WHAT THE TASK REQUIRES:
Omitting all pictures, print the lines of the listing from the one containing "The smart mobility" through the final line, both ends included, with no other text.

INFORMATION PROVIDED:
-=-=-=-=-

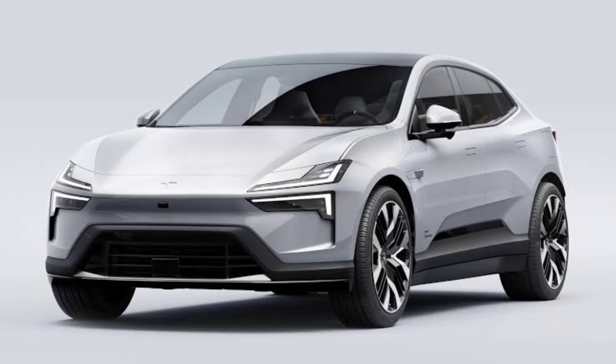The Performance Pack has 22-inch wheels, Brembo brake calipers in Swedish gold, summer performance tires, Polestar-engineered brake discs, a performance chassis, and Swedish gold seat belts and valve stem caps.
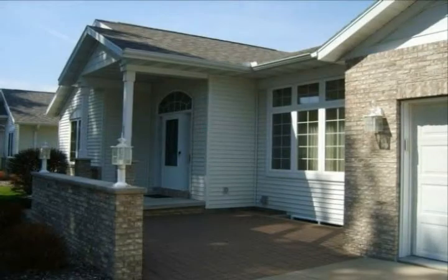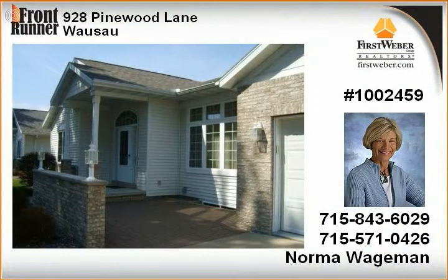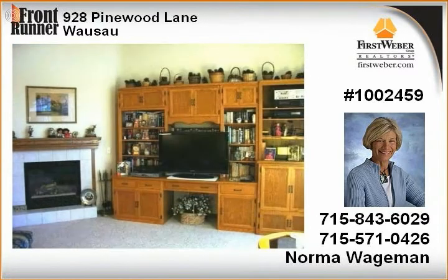Welcome to carefree living without giving up space and features. This welcoming open condo offers spacious rooms, tray ceilings, fireplace, family room, three bathrooms accessible to each bedroom, main floor laundry, all appliances included, and a huge storage room.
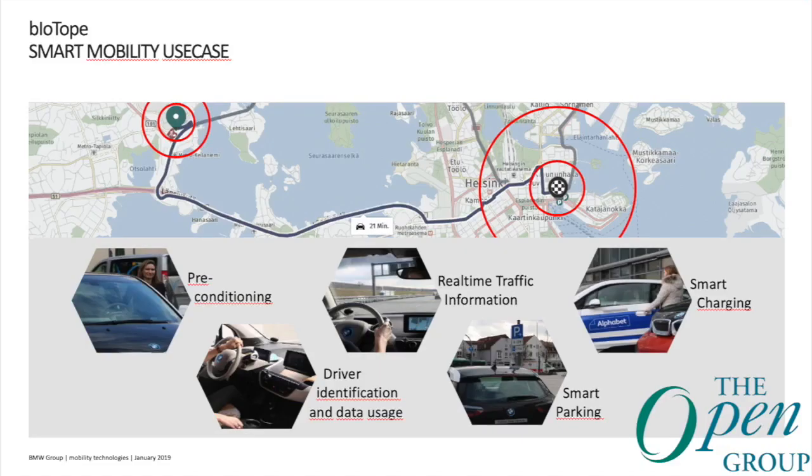The smart mobility use case is the one BMW is most interested in. We have five proof of concepts: preconditioning and driver identification, both looking specifically at context awareness; real-time traffic information as an interlink between use cases; and smart parking and charging, where we are specifically looking into standardization.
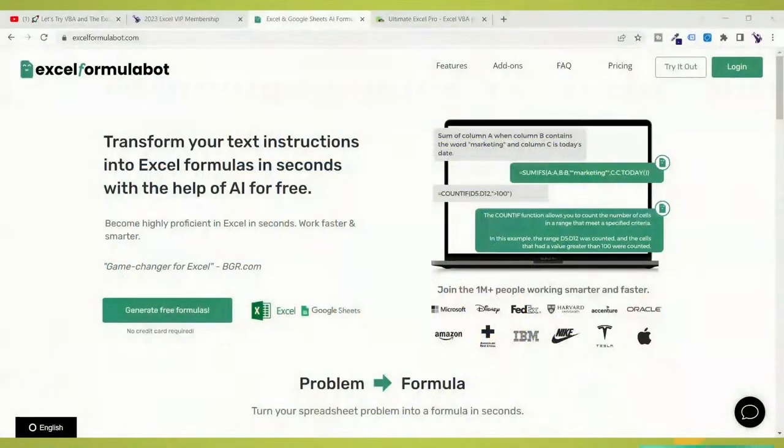Let me share with you the Excel Formula Bot that we've been working with all week. We've been trying it out. There we have it right here — the Excel Formula Bot. We've been using it all last week. When you try it out you get five tries. I liked it so much that I signed up for a month, and then I went ahead and signed up for a whole year.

-=-=-=-=-

ANSWER BELOW:
The smart mobility use case is the one BMW is most interested in. We have five proof of concepts: preconditioning and driver identification, both looking specifically at context awareness; real-time traffic information as an interlink between use cases; and smart parking and charging, where we are specifically looking into standardization.
Let me share with you the Excel Formula Bot that we've been working with all week. We've been trying it out. There we have it right here — the Excel Formula Bot. We've been using it all last week. When you try it out you get five tries. I liked it so much that I signed up for a month, and then I went ahead and signed up for a whole year.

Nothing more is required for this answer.